# [Your instructions]
Give all of the data below again exactly, and drop the images.

# [Available data]
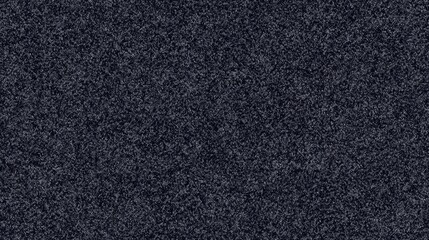 abstract background grungy grey scale black white background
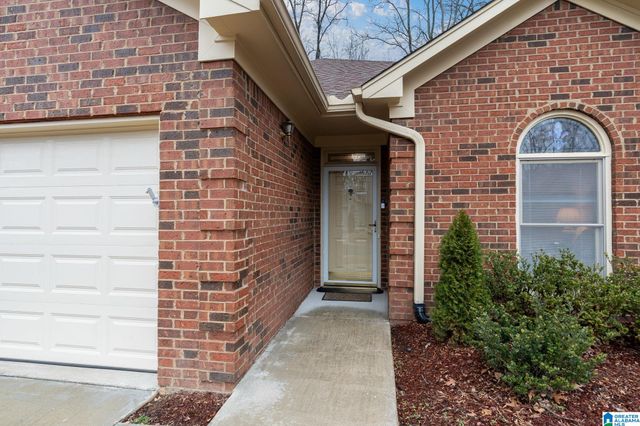 1155 BERWICK ROAD, Hoover, AL 35242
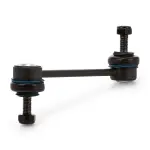 STARK Stabilisaatorivarras SKST-0230050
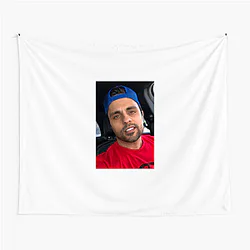Ray William Johnson 제품정보 Ray William Johnson 관련 상품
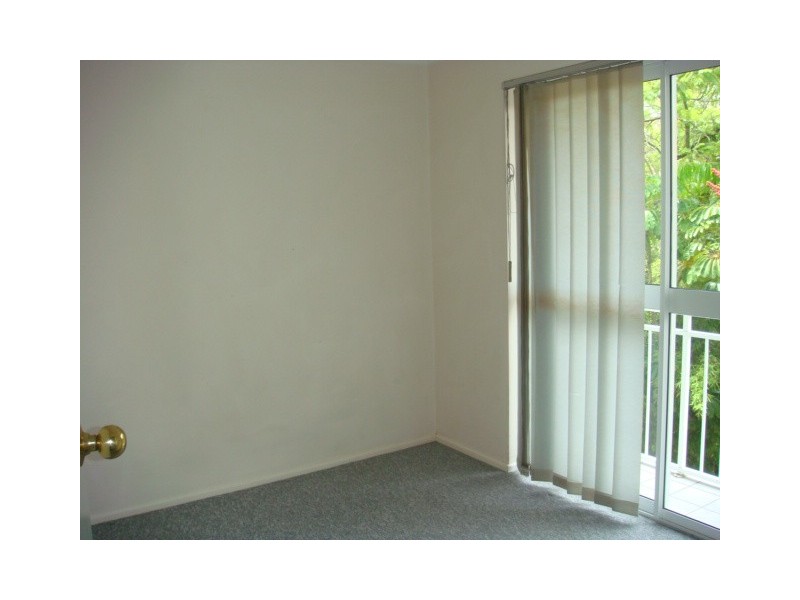 7/92 Station Road, Indooroopilly QLD 4068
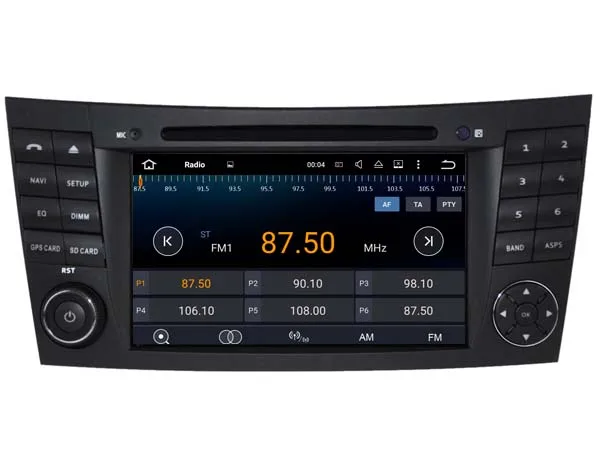 UI1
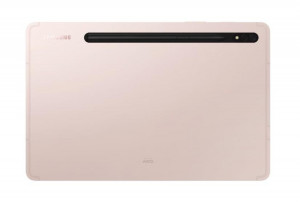 SG TAB S8 X700 WiFi 11" 8GB 128GB GD - Img 3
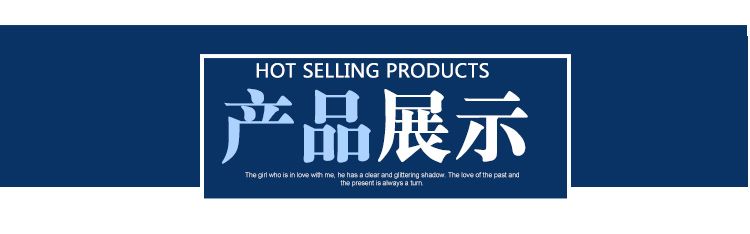 桌面光纖激光打標機產(chǎn)品展示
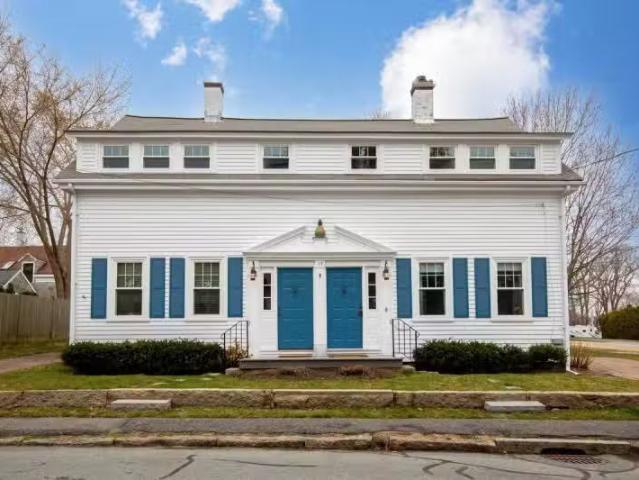 House for rent in Barnstable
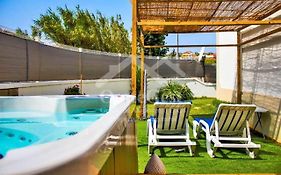Casa Do Sol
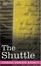 Cover of 'The Shuttle'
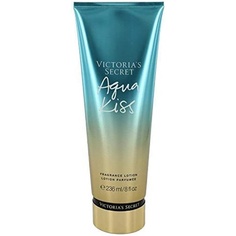 Ароматный лосьон для нее Aqua Kiss, Victoria&apos;S Secret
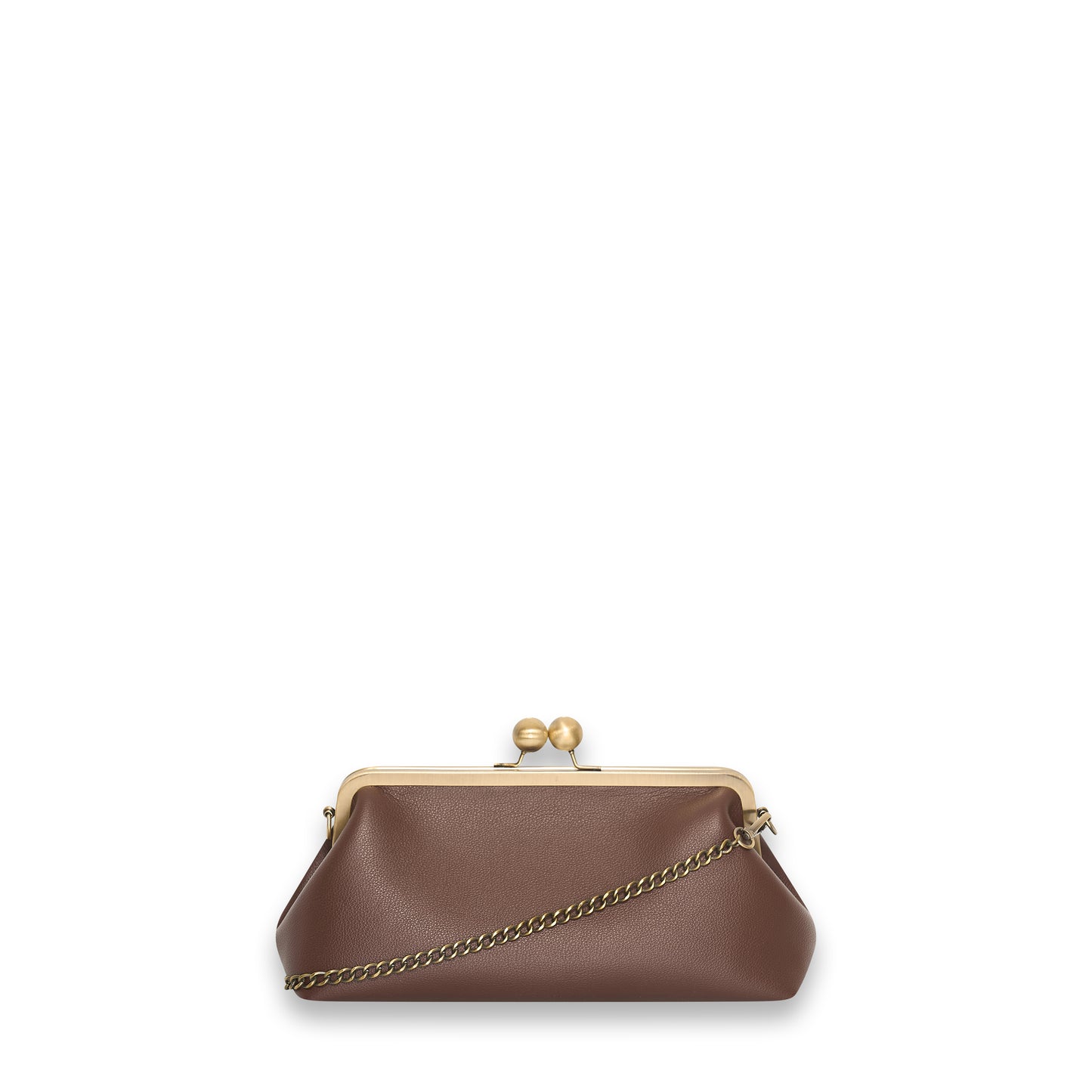 Baquette bag
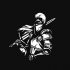 MT4-EA Last Legion MT4-EA Last Legion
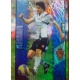Aimar Crack Vertical Zaragoza 161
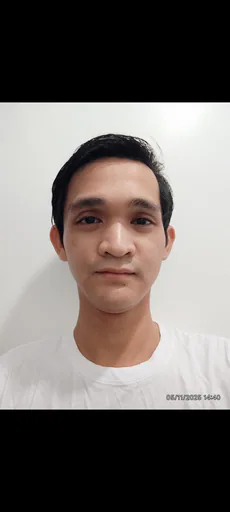 Grim L. profile photo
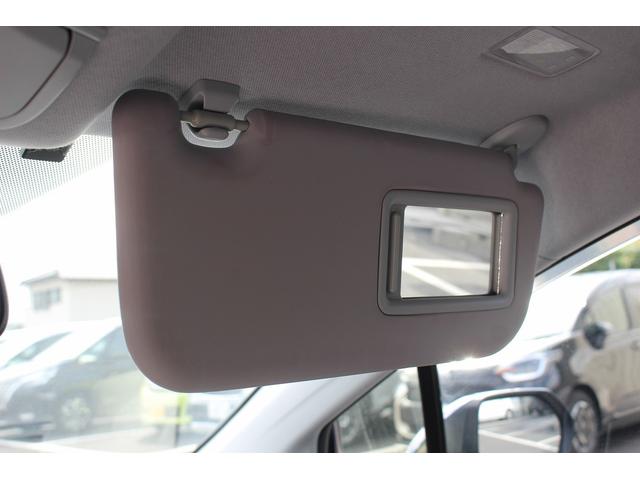 プリウス Ａツーリングセレクション　黒革シート　ナビ　地デジ　バックカメラ　シートヒーター　寒冷地仕様　ＬＥＤヘッド　衝突軽減ブレーキ　アダプティブクルーズコントロール　インテリジェントクリアランスソナー　ブラインドスポットモニター（65枚目）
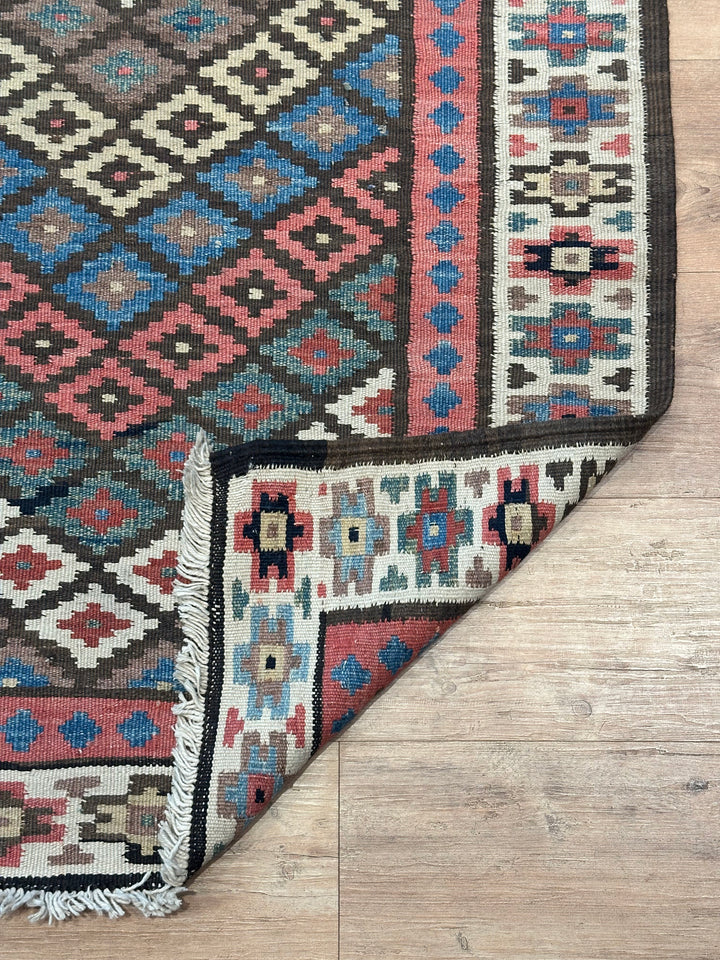 Antique Kilim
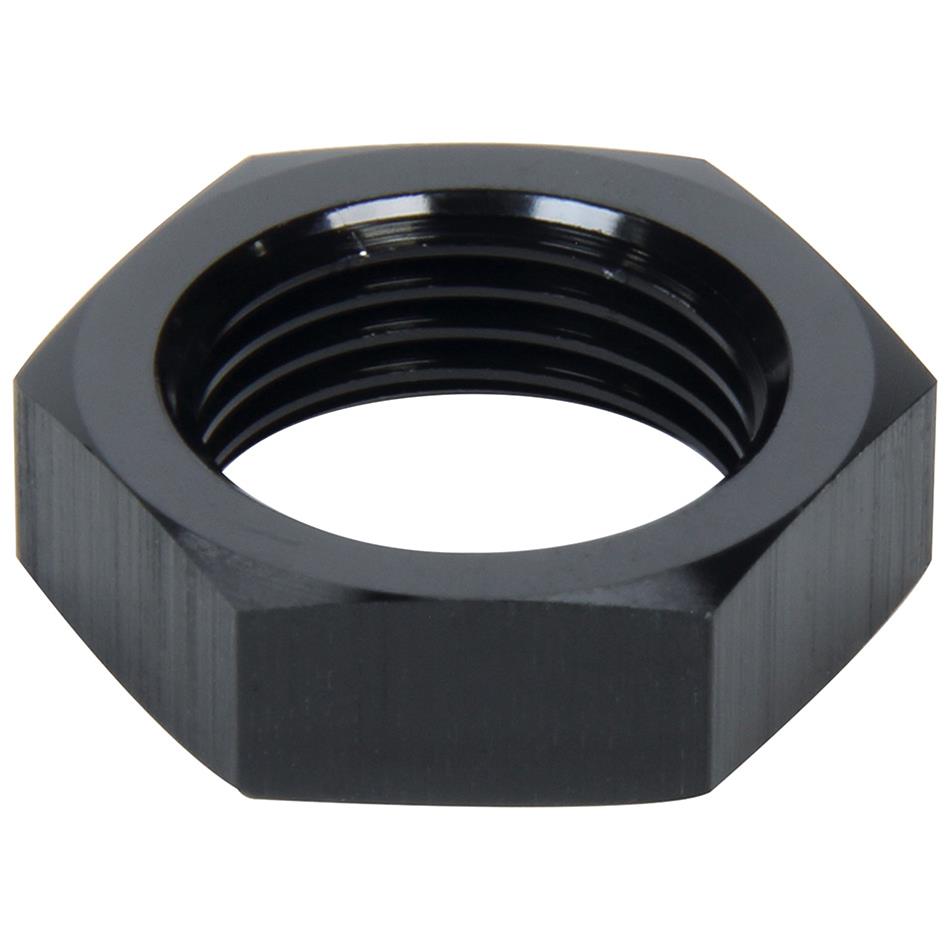 Allstar Performance Bulkhead Nuts ALL49604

# [Response below]
 abstract background grungy grey scale black white background
 1155 BERWICK ROAD, Hoover, AL 35242
 STARK Stabilisaatorivarras SKST-0230050
Ray William Johnson 제품정보 Ray William Johnson 관련 상품
 7/92 Station Road, Indooroopilly QLD 4068
 UI1
 SG TAB S8 X700 WiFi 11" 8GB 128GB GD - Img 3
 桌面光纖激光打標機產(chǎn)品展示
 House for rent in Barnstable
Casa Do Sol
 Cover of 'The Shuttle'
 Ароматный лосьон для нее Aqua Kiss, Victoria&apos;S Secret
 Baquette bag
 MT4-EA Last Legion MT4-EA Last Legion
Aimar Crack Vertical Zaragoza 161
 Grim L. profile photo
 プリウス Ａツーリングセレクション　黒革シート　ナビ　地デジ　バックカメラ　シートヒーター　寒冷地仕様　ＬＥＤヘッド　衝突軽減ブレーキ　アダプティブクルーズコントロール　インテリジェントクリアランスソナー　ブラインドスポットモニター（65枚目）
 Antique Kilim
 Allstar Performance Bulkhead Nuts ALL49604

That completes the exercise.